What this task involves => Leave out the pictures and retype, exactly, the lines below from the line with "Next, I take" up to and including the line with "It's very clever", nothing more.

Segment Start: Records for processing

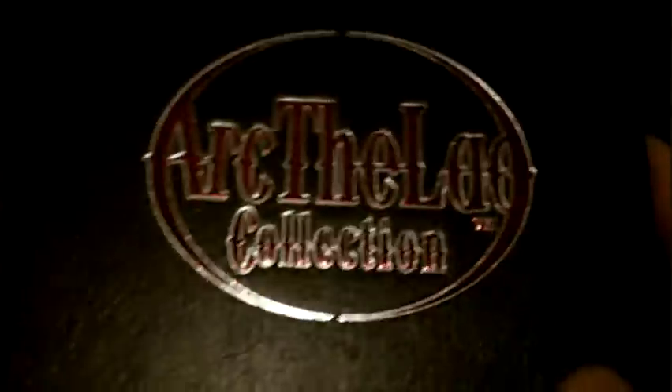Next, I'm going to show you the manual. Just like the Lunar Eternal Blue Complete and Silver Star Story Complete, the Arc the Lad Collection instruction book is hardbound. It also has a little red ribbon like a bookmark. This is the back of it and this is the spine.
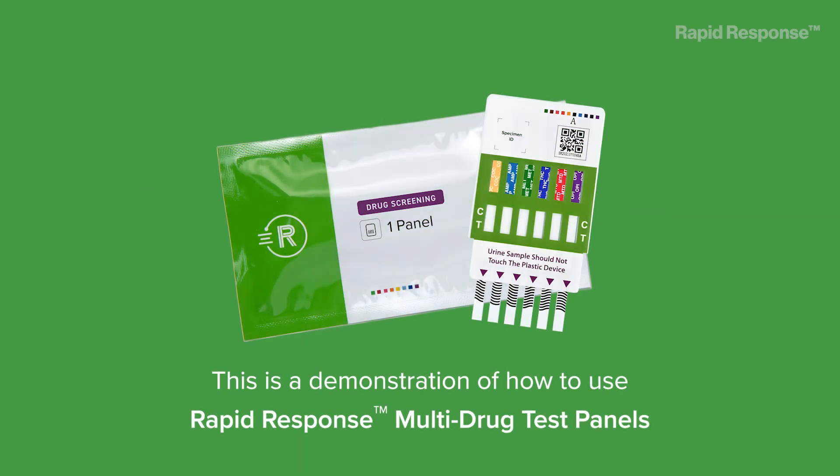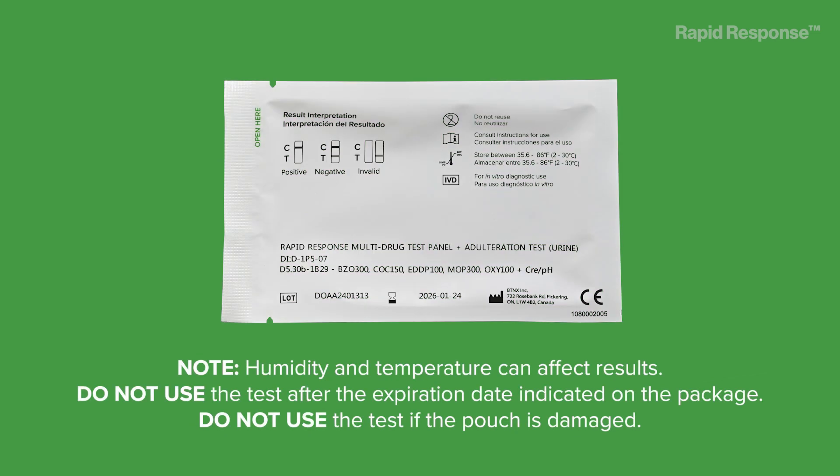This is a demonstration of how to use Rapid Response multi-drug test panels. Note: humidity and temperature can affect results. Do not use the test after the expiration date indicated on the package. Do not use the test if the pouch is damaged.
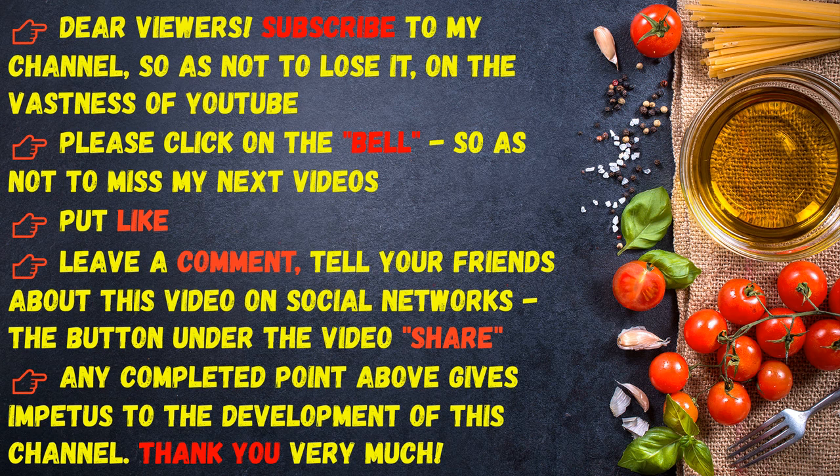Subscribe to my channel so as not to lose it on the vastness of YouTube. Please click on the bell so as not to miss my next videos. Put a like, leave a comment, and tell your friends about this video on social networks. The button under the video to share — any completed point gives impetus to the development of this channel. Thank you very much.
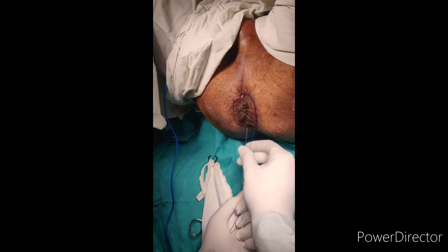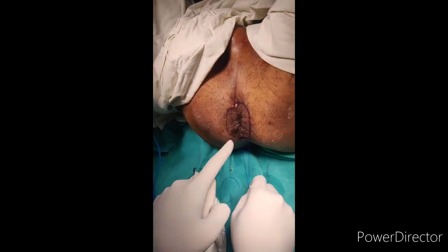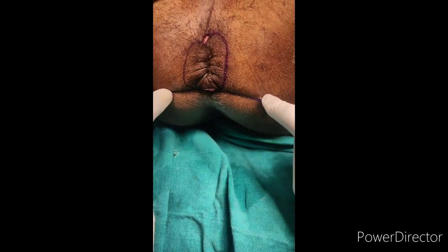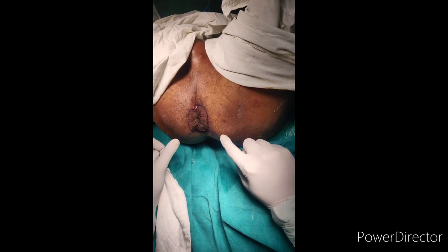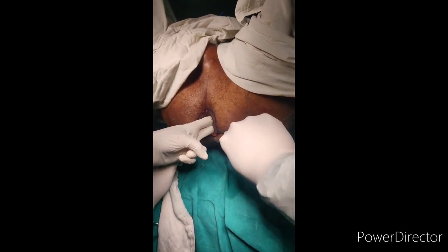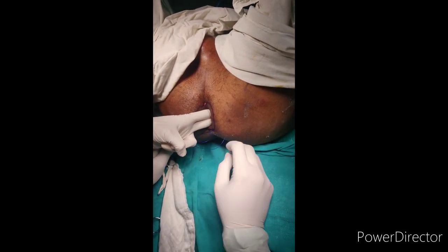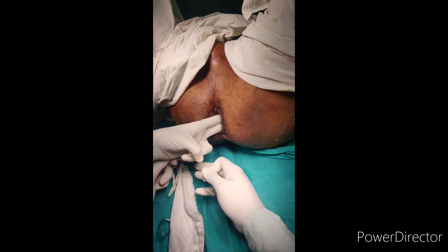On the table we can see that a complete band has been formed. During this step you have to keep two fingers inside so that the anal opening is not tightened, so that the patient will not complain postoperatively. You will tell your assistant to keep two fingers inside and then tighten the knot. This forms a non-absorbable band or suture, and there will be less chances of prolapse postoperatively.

Segment End: Records for processing
Segment Start: Records for processing

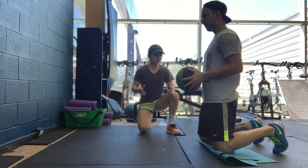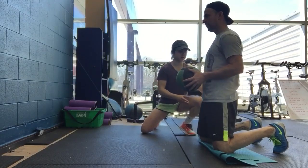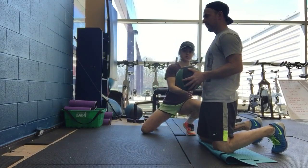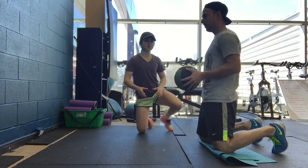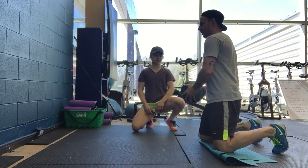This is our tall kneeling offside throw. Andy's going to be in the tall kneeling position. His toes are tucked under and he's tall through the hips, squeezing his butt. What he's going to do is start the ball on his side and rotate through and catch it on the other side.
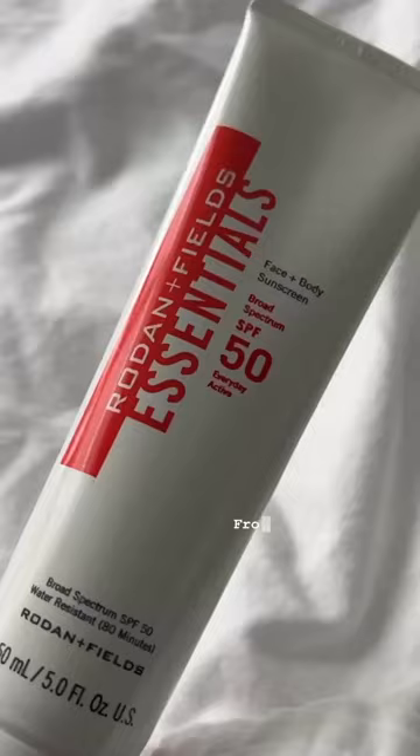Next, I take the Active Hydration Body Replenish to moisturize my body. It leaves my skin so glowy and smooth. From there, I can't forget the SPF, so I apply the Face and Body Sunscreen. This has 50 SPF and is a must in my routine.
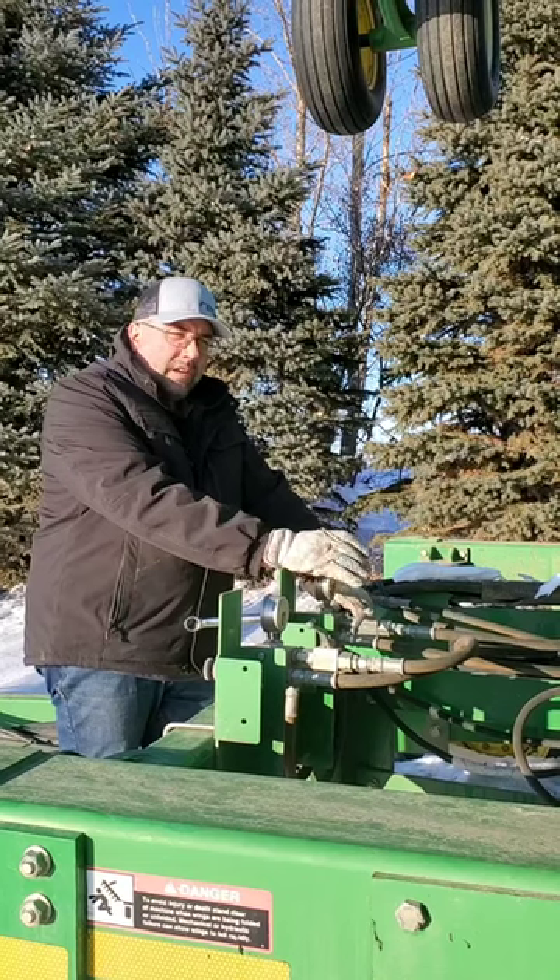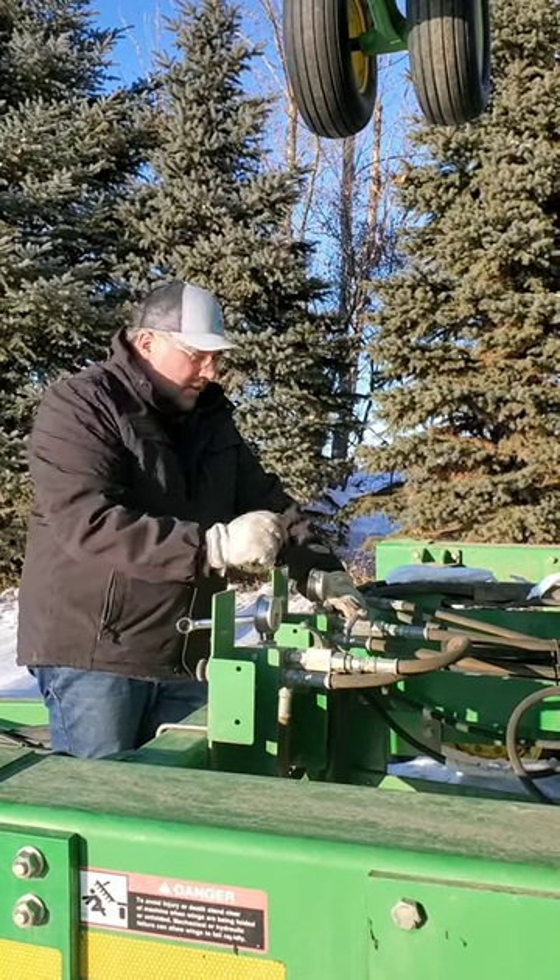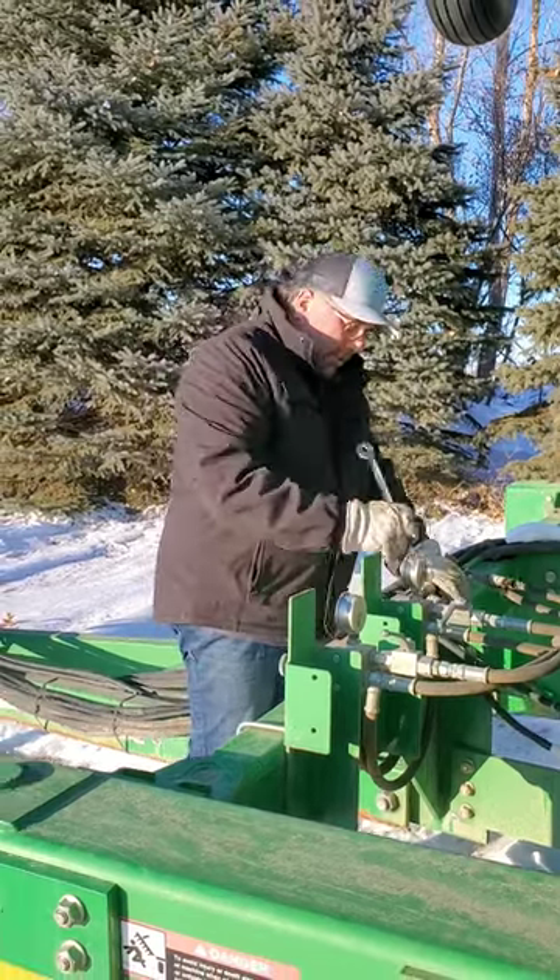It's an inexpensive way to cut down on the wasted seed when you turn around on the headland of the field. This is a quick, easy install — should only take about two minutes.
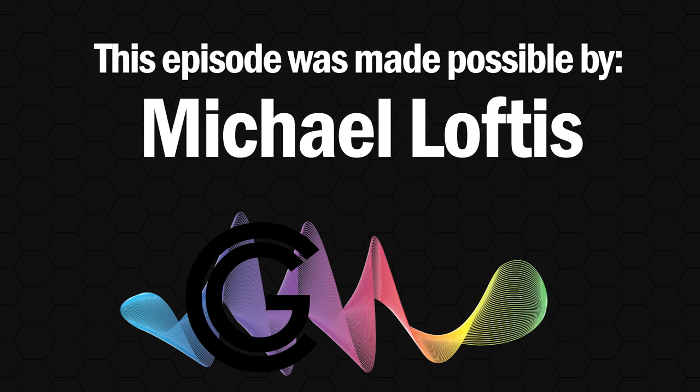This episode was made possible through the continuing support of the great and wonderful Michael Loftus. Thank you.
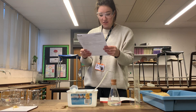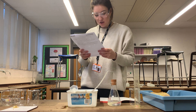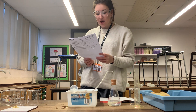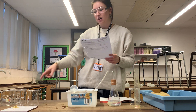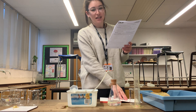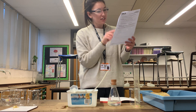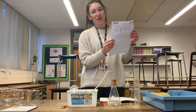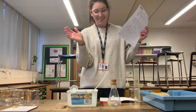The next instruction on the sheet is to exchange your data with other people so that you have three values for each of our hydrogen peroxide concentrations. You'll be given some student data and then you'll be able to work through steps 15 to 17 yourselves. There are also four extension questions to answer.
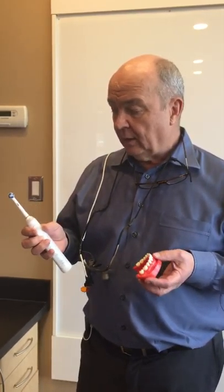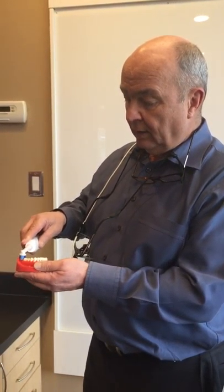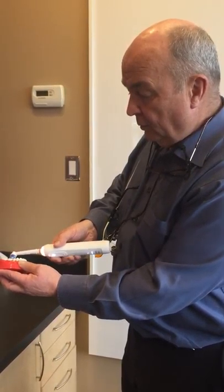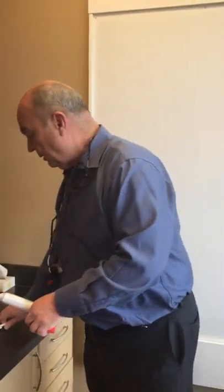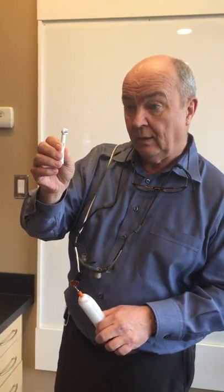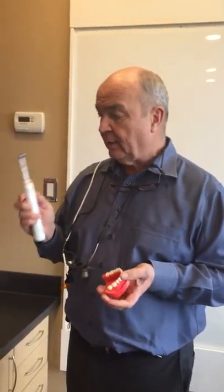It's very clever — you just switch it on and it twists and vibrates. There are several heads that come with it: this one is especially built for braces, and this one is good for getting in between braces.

Segment End: Records for processing
Segment Start: Records for processing

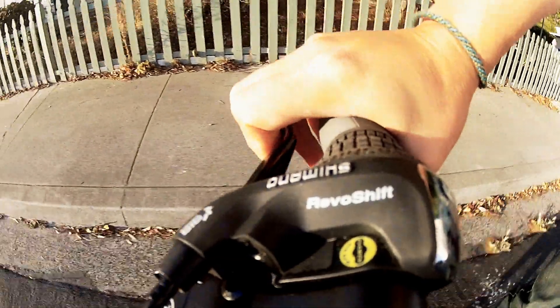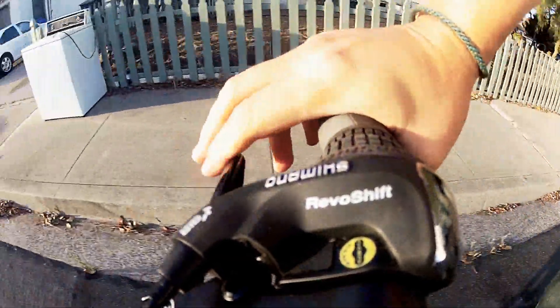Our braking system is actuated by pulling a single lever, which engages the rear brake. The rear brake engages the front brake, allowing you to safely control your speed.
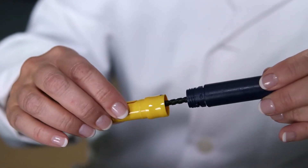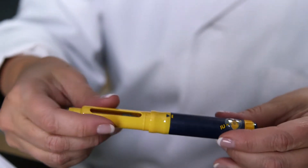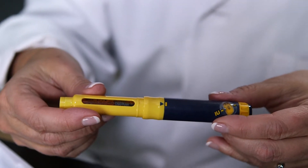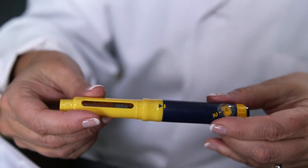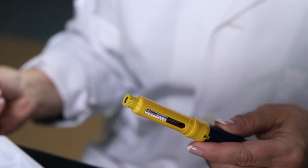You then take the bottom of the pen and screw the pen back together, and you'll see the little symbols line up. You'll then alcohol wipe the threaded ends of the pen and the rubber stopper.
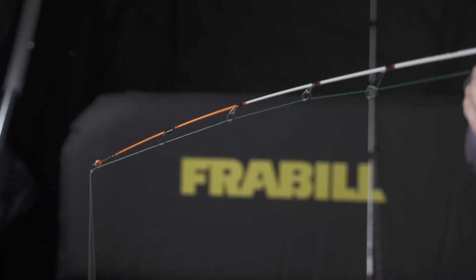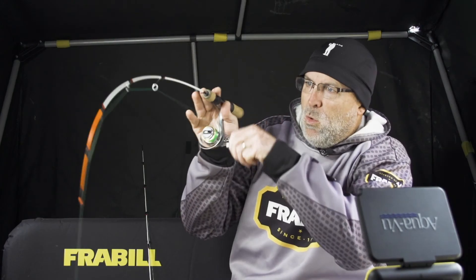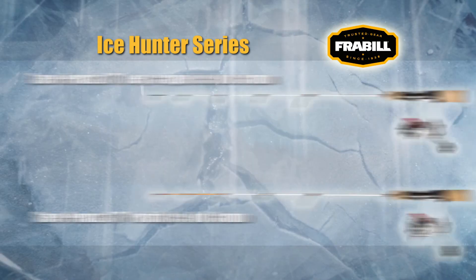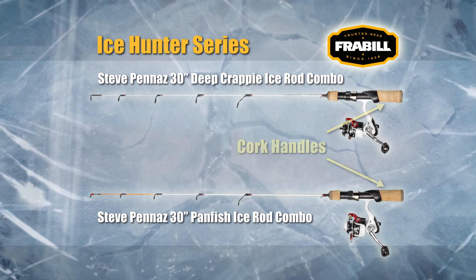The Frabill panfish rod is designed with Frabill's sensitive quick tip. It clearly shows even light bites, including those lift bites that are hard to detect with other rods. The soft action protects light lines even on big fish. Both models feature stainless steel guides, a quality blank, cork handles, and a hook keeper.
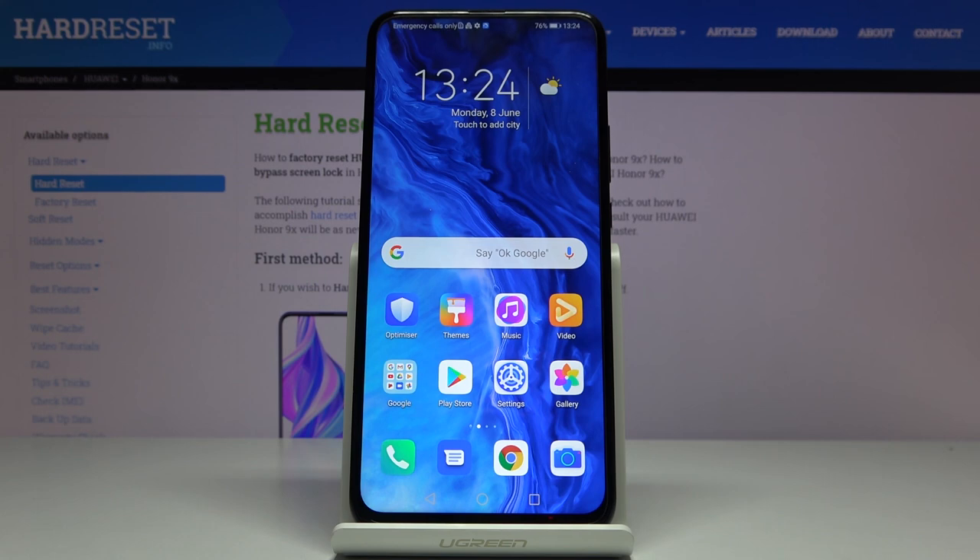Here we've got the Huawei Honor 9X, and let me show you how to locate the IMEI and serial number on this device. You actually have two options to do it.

Segment End: Records for processing

Answer for this exercise =>
Next, I take the Active Hydration Body Replenish to moisturize my body. It leaves my skin so glowy and smooth. From there, I can't forget the SPF, so I apply the Face and Body Sunscreen. This has 50 SPF and is a must in my routine.
It's an inexpensive way to cut down on the wasted seed when you turn around on the headland of the field. This is a quick, easy install — should only take about two minutes.
This episode was made possible through the continuing support of the great and wonderful Michael Loftus. Thank you.
The next instruction on the sheet is to exchange your data with other people so that you have three values for each of our hydrogen peroxide concentrations. You'll be given some student data and then you'll be able to work through steps 15 to 17 yourselves. There are also four extension questions to answer.
It's very clever — you just switch it on and it twists and vibrates. There are several heads that come with it: this one is especially built for braces, and this one is good for getting in between braces.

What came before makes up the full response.